Asqatasun v4 - Asqatasun Developer documentation
Component Description
This component is responsible for the fetch of all the pages to be tested. In case of page audit, only one page (corresponding to the filled-in URL) is fetched. In case of site audit, the whole site is fetched (regarding limitations like depth, maximum number of pages or maximum duration)
Input
Url(s)
Output
One or several WebResource (that hosts the URL of the element) and the corresponding contents (that hosts the content of the page)
Introduction to Heritrix
Heritrix is the Internet Archive's open-source, extensible, Web-scale, archival-quality Web crawler. It is used as crawler for site-wide audits in Asqatasun.

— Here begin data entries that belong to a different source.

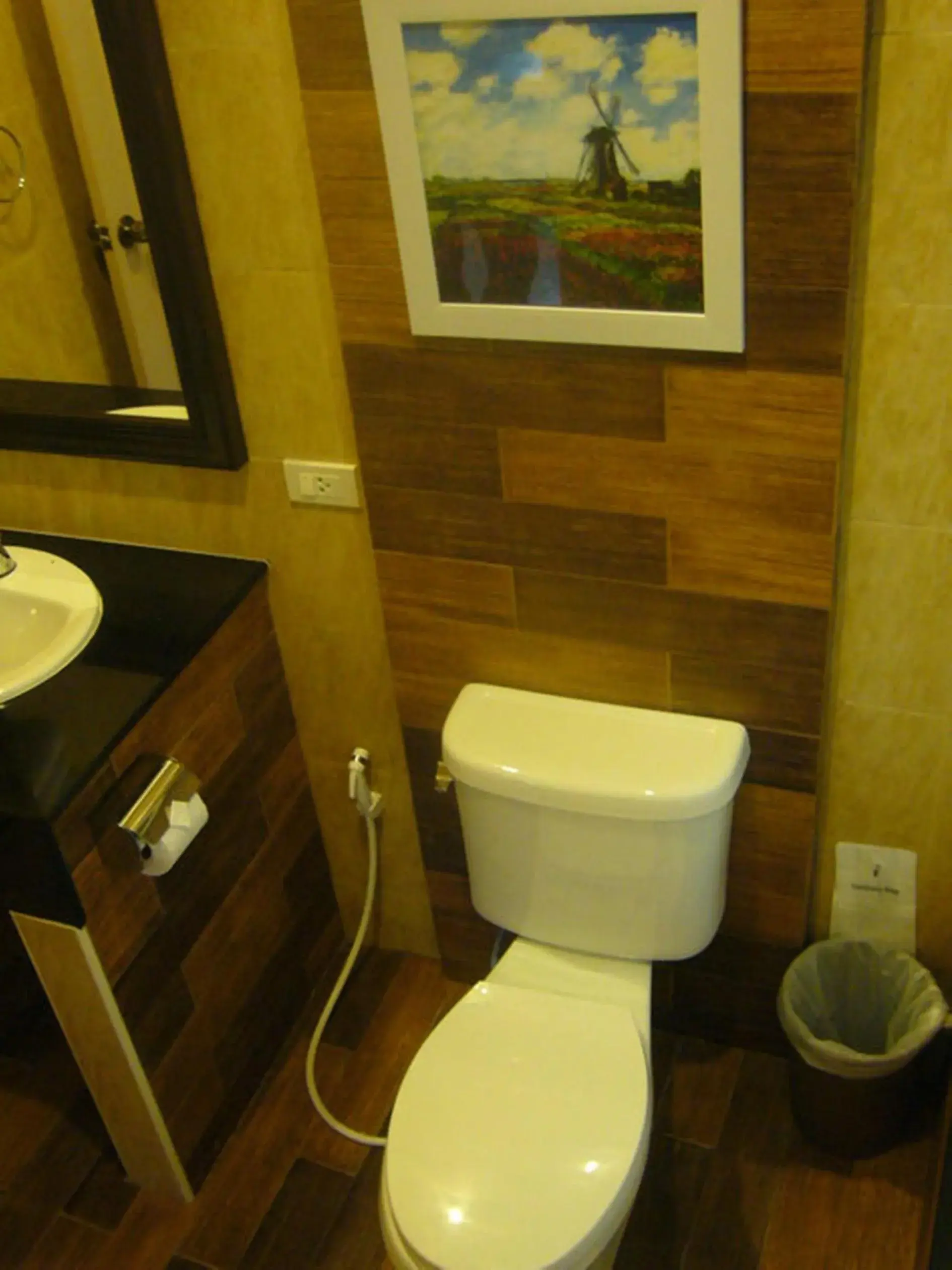 Toilet, Bathroom in Villa Wanida Garden Resort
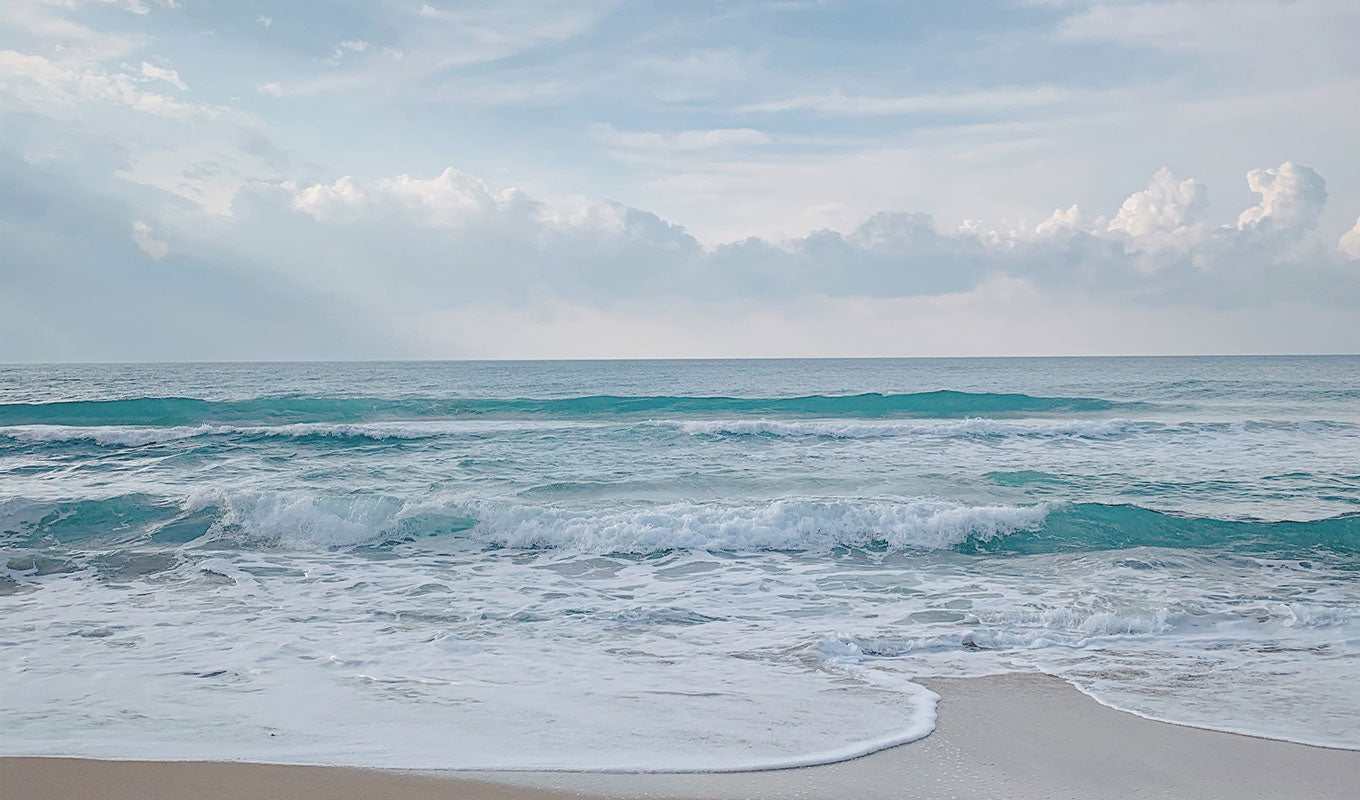 Regular vs Goofy Footed: White waves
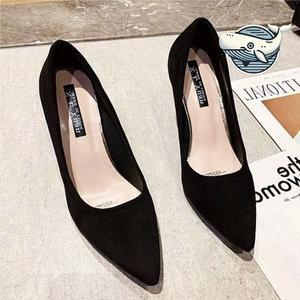 고세 여성 스웨이드 펌프스힐 블랙 데일리 사무실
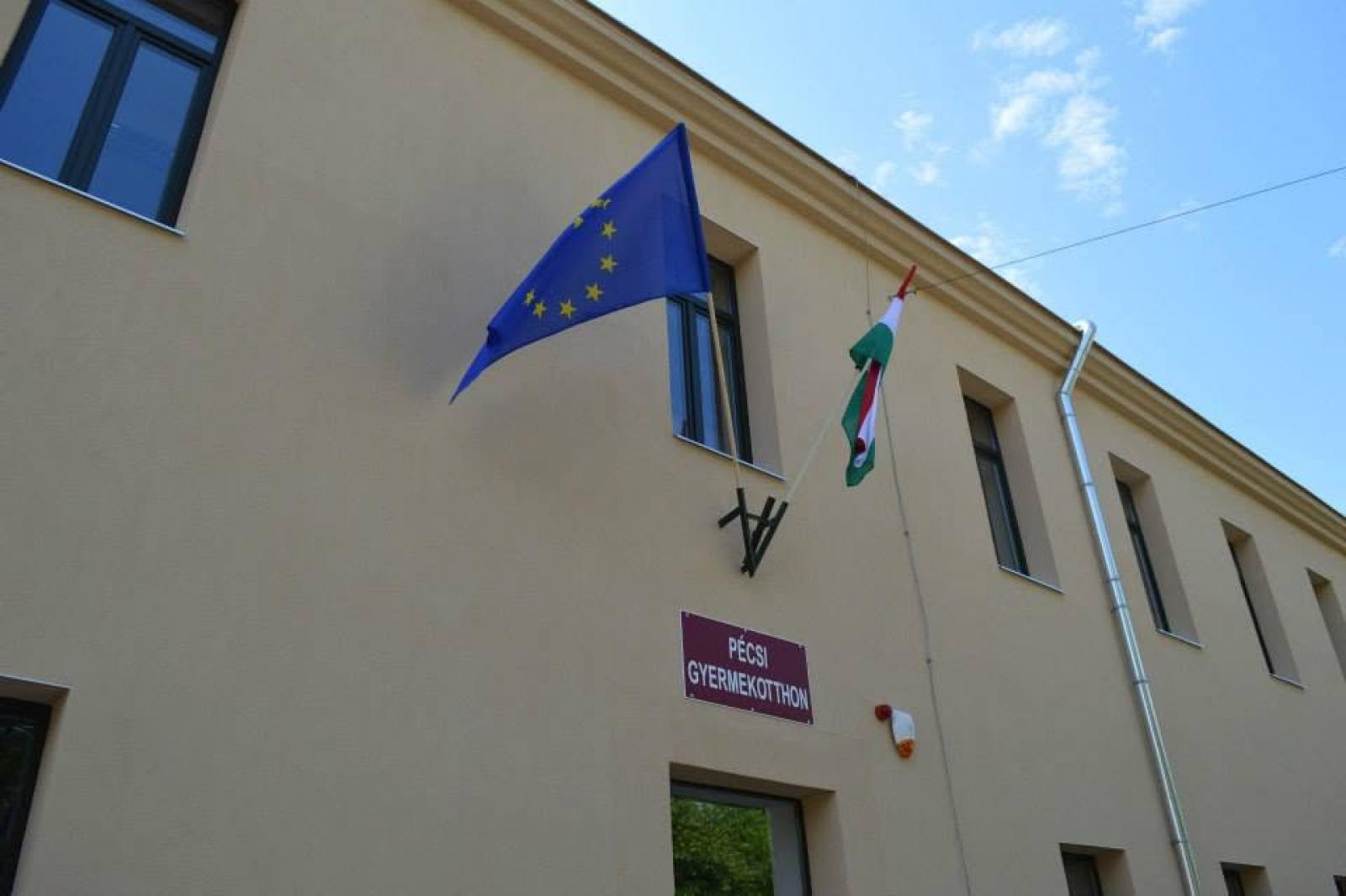 Lezuhant egy 14 éves lány a pécsi gyermekotthon tetejéről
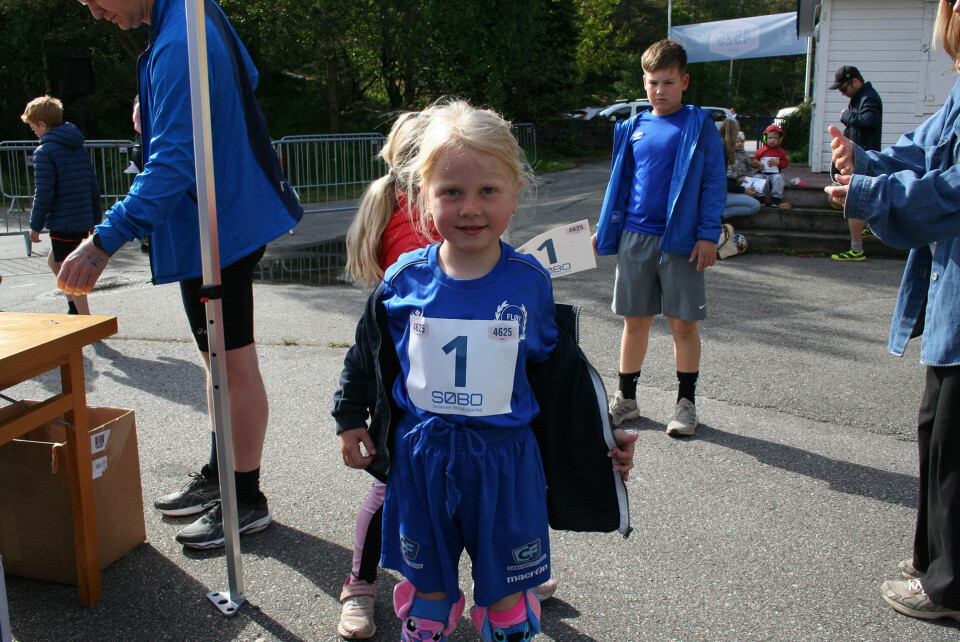 En av de yngste, Elfie Løvås. (Foto: Sverre Larsen)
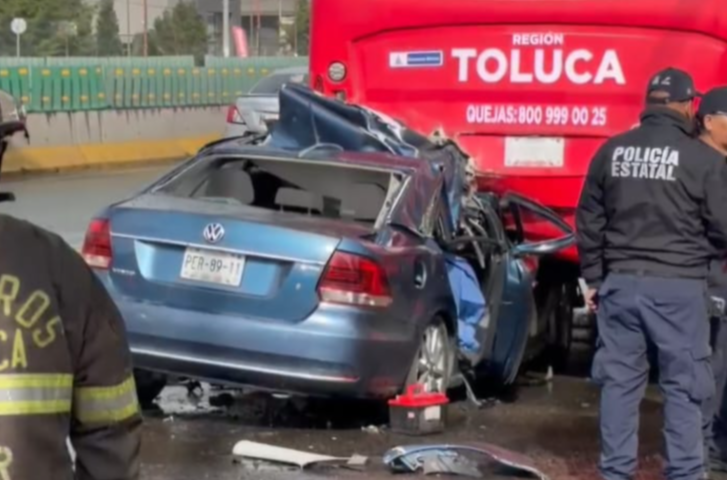 Choque en la avenida Alfredo del Mazo en Toluca deja dos fallecidos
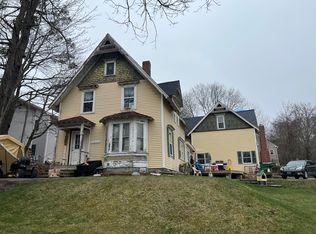 61 Oak St, Ellsworth, ME 04605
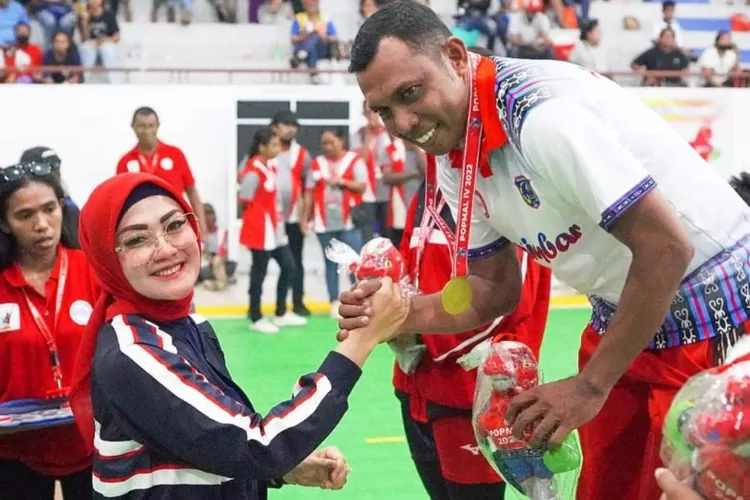 Pekan Olahraga Maluku Resmi Ditutup oleh Ketua PBVSI  Maluku- Nyonya  Widya Pratiwi Murad (Istimewa)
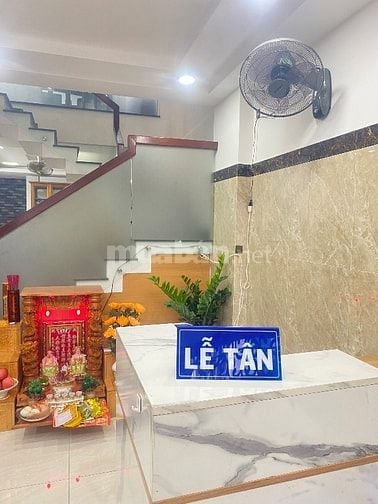 Tuyển nhân viên hành chính lễ tân - không cần kinh nghiệm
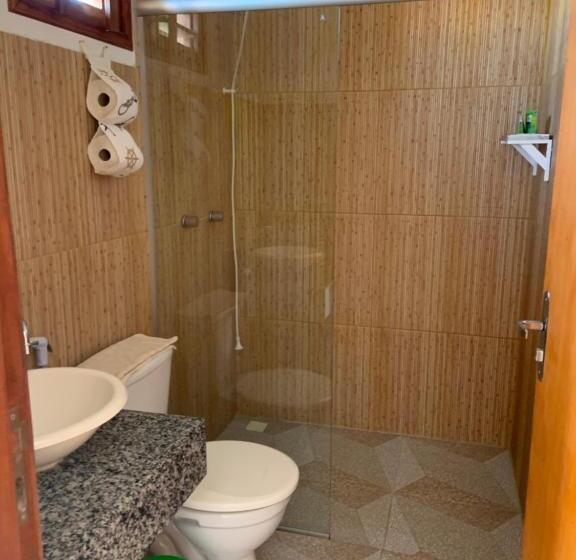 اتاق استاندارد با چشم‌انداز استخر, Pousada Janela Da Cor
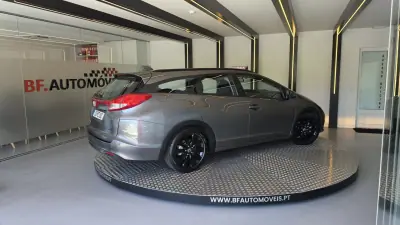 Honda Civic Tourer 2014 - 10750 EUR, 193536 km - AUTO.MOTO.pt - 193536km - foto 19 de 57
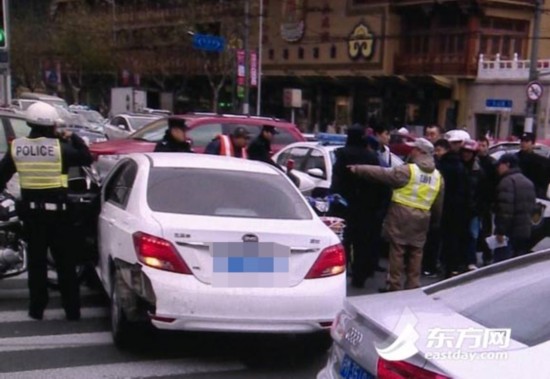 京滬高速一轎車連撞4車逃逸 滬鬧市中心被攔停[圖]
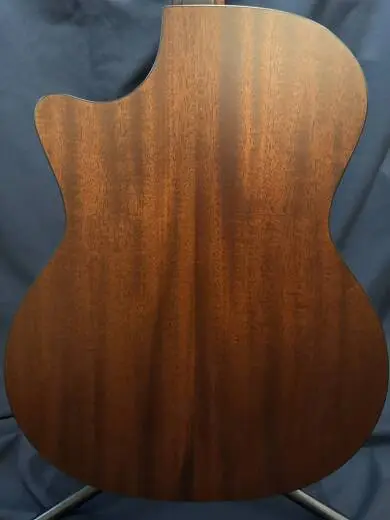 Taylor Guitars - 324CE V9 2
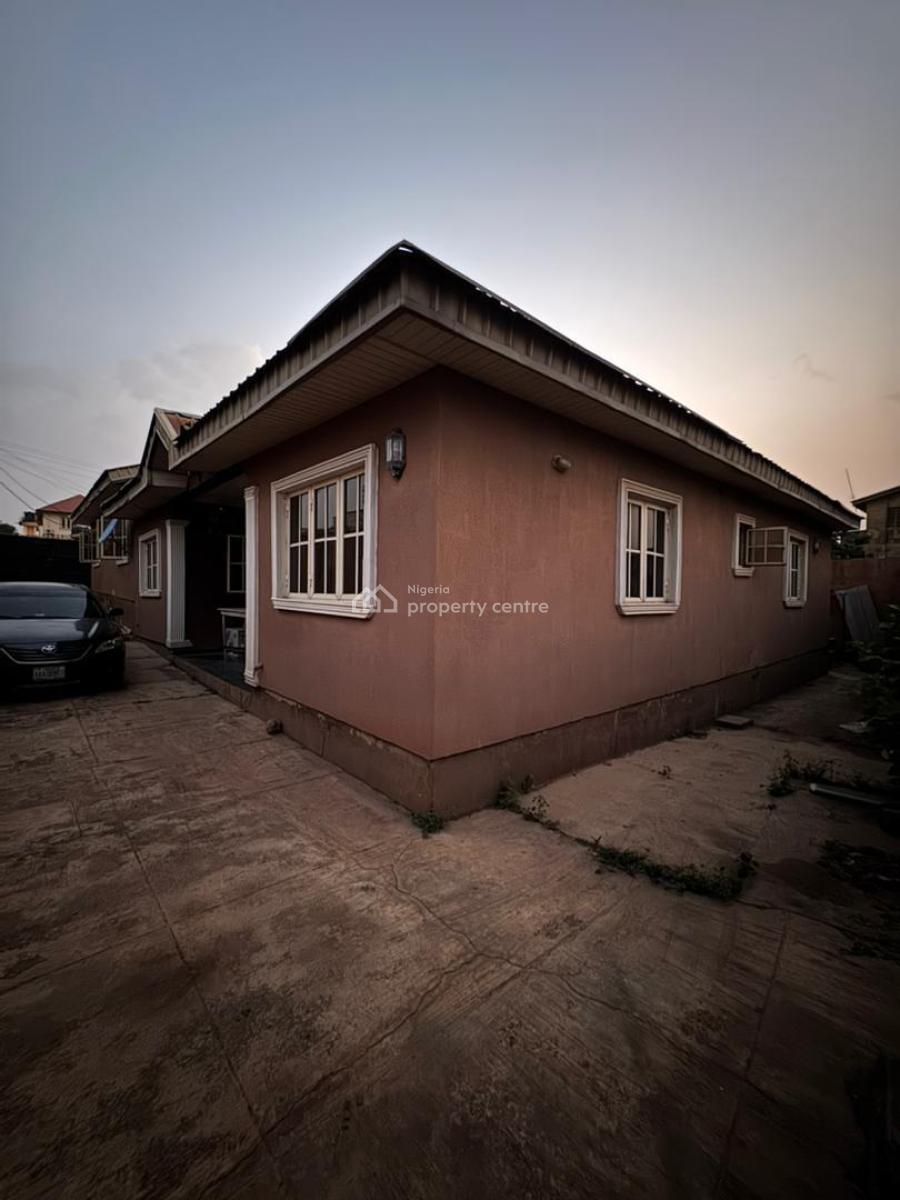 Twin Flat of 3 Bedroom on 542sqm of Land, Omolayo Road 3, Akobo, Ibadan, Oyo, Block of Flats for Sale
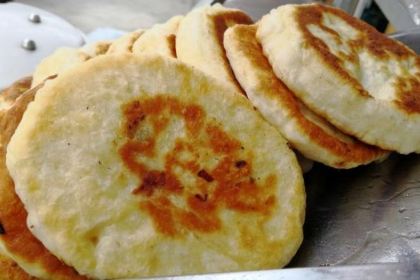 SI GU NIANG SHAN CHENG DOU FAN DIAN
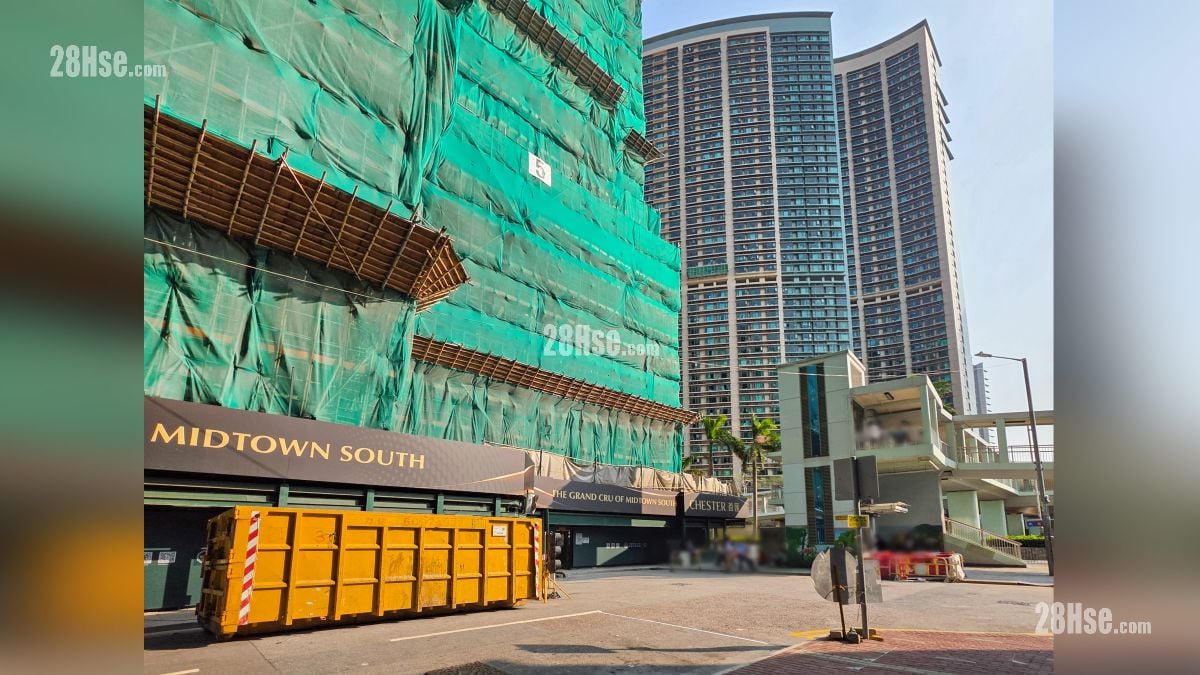 首匯 周邊大廈 項目鄰近半島豪庭 (圖片右方)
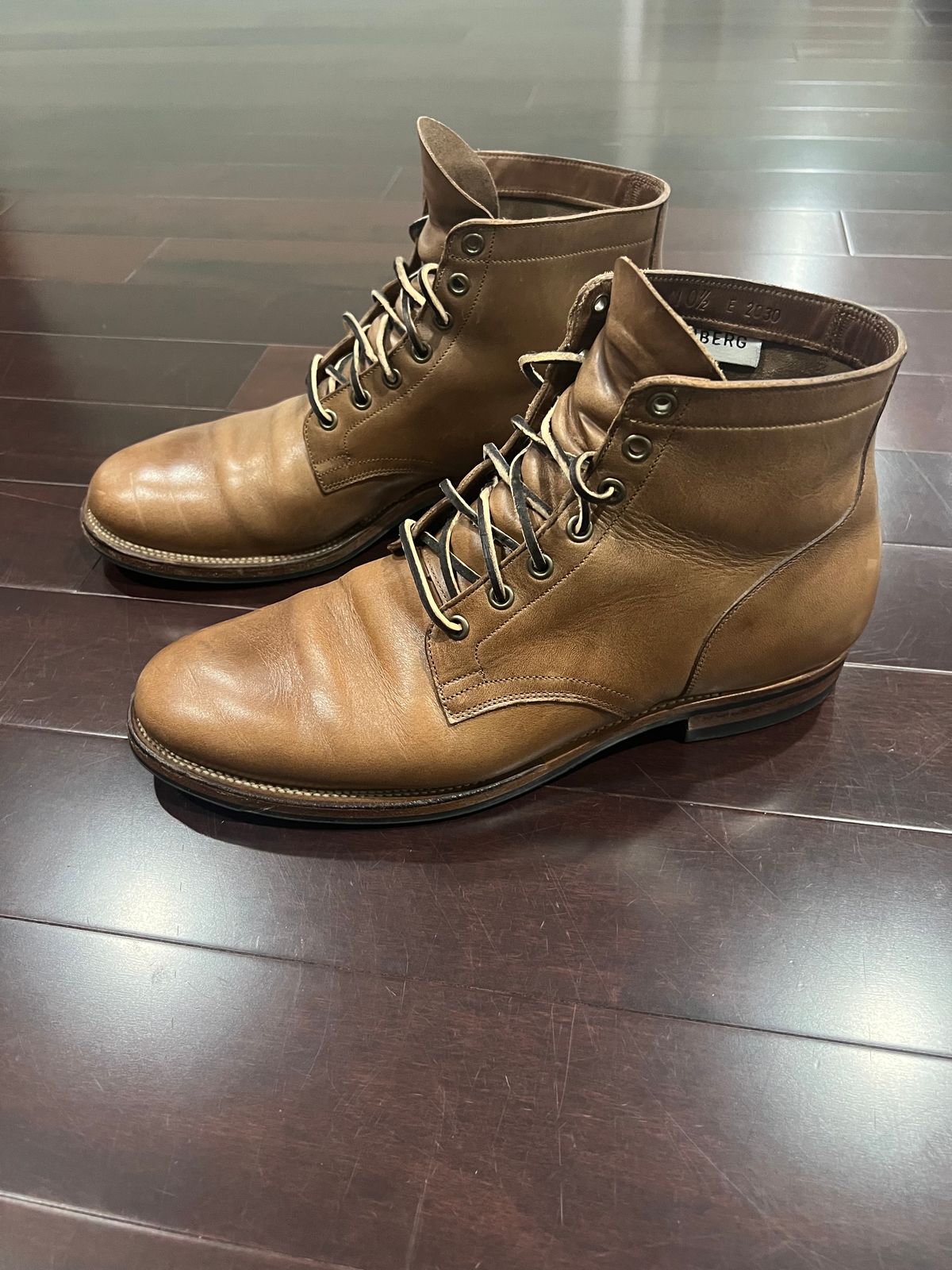 Photo by Rob on November 2, 2023 of the Viberg Service Boot in Horween Natural Chromexcel.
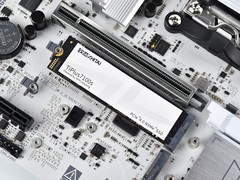 DRAMLess封神之作 致态TiPlus7100s固态硬盘赏析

Heritrix is Spring-container-based configuration software which enables to tune settings values and integrate alternate compatible implementations of components.
Heritrix Architecture
Much of the crawler's work is specified by the sequential application of swappable Processor modules. These Processors are collected into three "chains:"
- CandidateChain - This chain is applied to URIs being considered for inclusion in the crawl, before a URI is enqueued for collection.
- FetchChain - This chain is applied to URIs during collection.
- DispositionChain - This chain is applied after a URI is fetched, analyzed, and link-extracted.
These chains are fed by a Frontier